Lithium Ion batteries are virtually maintenance free. simply make sure to properly charge the packs and the BMS takes care of the rest.
lify cycles and life span
overall assessment
Overall, Lead Acid batteries will cost you less up front and more over the long term while Lithium Ion will cost you more up front but less over the long term.
Each has its pros and cons for individual scenarios based on what your preferred long term plan for the battery electric machine is.
What Are Life cycles?
why do they matter?
The life cycles of a battery are important is looking at daily usage and total overall cost of ownership.
Daily Usage
Lead Acid and Lithium Ion batteries function much differently during daily operations when thinking about the total life cycles of the battery pack.
Understanding
Amperage & Current
You may look at a 300v battery and think its so much bigger and more powerful than a 48v battery, but you could be wrong. The thing that differentiates battery powered machines is the amount of amperage of the pack. So what is amperage and what do we mean by current?
1st law of thermodynamics
When talking about amperage and current, its important to understand what the 1st law of Thermodynamics states, which is ΔU=q+w.
ΔU = the total change in energy
q = the heat exchange in the system
w = the work done in the system
This equation means Energy cannot be created or destroyed, it can only be converted from one form to another through the transfer of heat.
So What is amperage?
In its simplest definition, amperage is the strength of the current in which the electricity is flowing from one component to the other, expressed in Amperes or amps. In battery electric machines, amps are pulled from the battery to the electric motor in order to make the machine move. The size of the battery pack is typically calculated in kWh (Kilo Watt Hours) which is the Voltage, multiplied by the Amperage. Our CMX18 battery electric mini excavator has a 20.16kWh battery pack which comes from a 48v battery at 420amps.

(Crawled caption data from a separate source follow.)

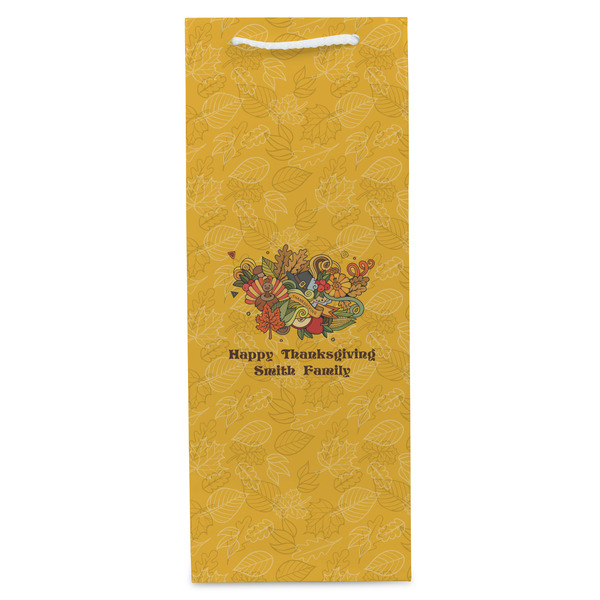 Happy Thanksgiving Wine Gift Bag - Gloss - Front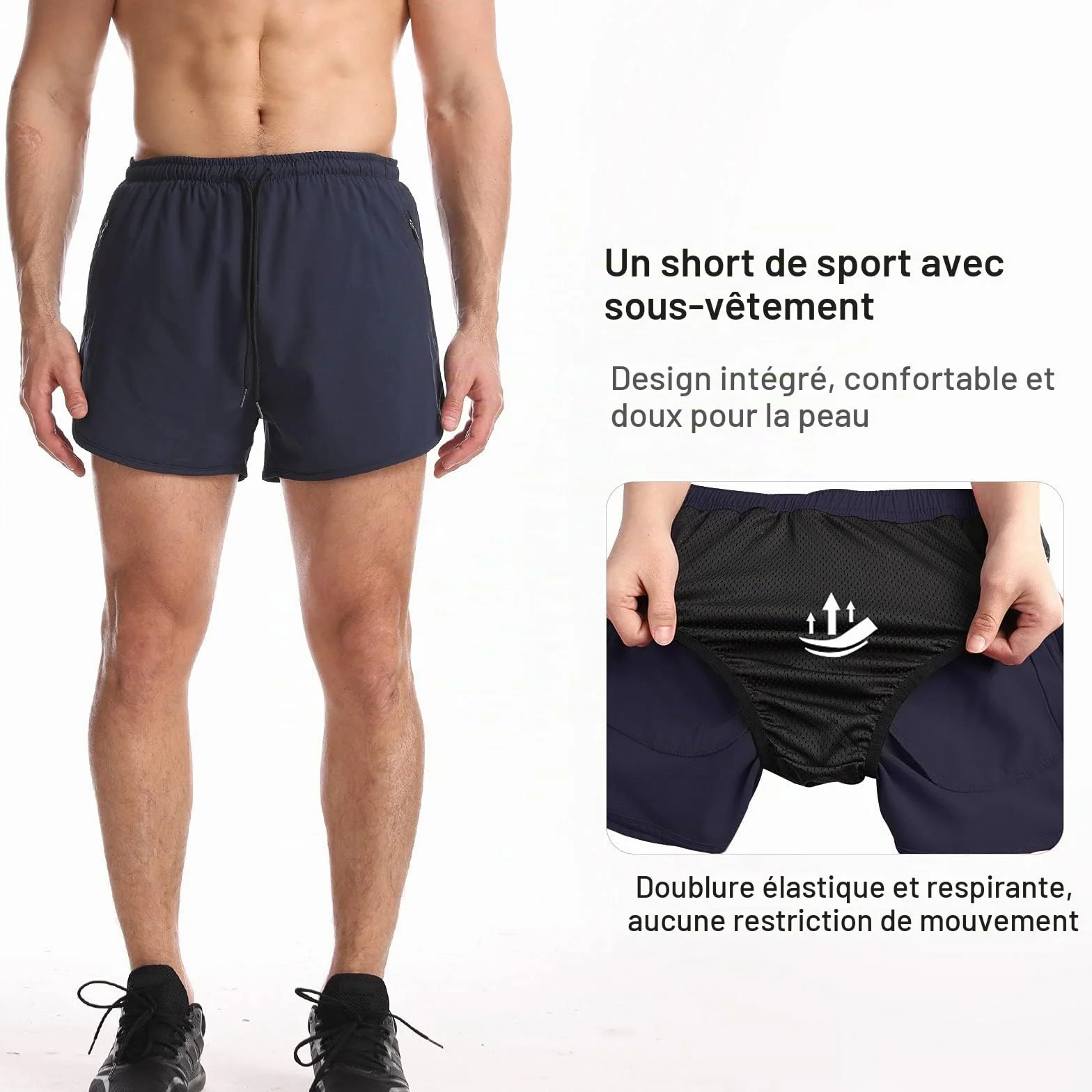 Suwangi Homme Short Course d'Entraînement Fitness Sport 2-en-1 Séchage Rapide avec Poches Zippées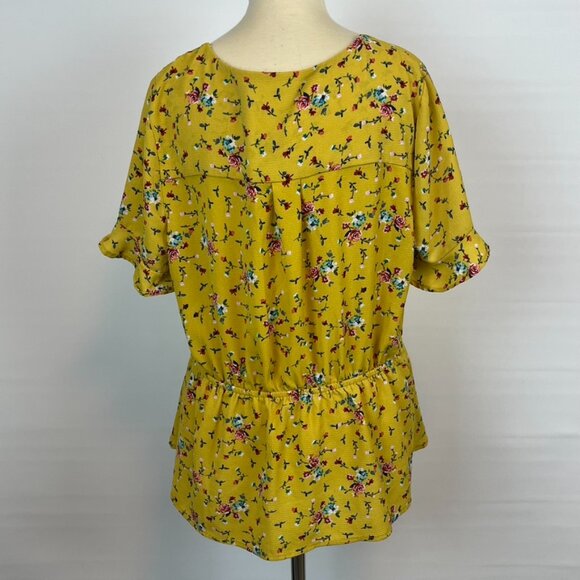 Monteau Yellow Floral Blouse Top Shirt ((size XL)) - Picture 3 of 6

How does amperage affect runtimes?
The amount of amperage that a battery holds has a close relationship to the total amount of power in the battery. Each function draws current (amperage) while operating. The harder the function, the more current is needed to make that function happen.
So the runtime of a battery powered skid steer with a floor scraper is going to be less than when it operates with a regular bucket because the floor scraping function requires more current to make that function happen.
What happens if we draw too much amperage?
Within a battery powered machine, energy is transferred from the battery to the electric motors in order to create movement. The harder the function, the more energy needs to be transferred which creates more heat within the system
The harder the function of the machine, the more current is needed to make that function happen so more amperage is drawn from the battery. Because energy cannot be created or destroyed, merely transferred, as amperage is moving from one component to the other, heat is created in the system.
If too much heat is created, the system could shut down to protect the electrical components from burning up. Each of our battery electric machines have built in safety features to protect the machine and the operator from doing long term damage to the components due to intense heat.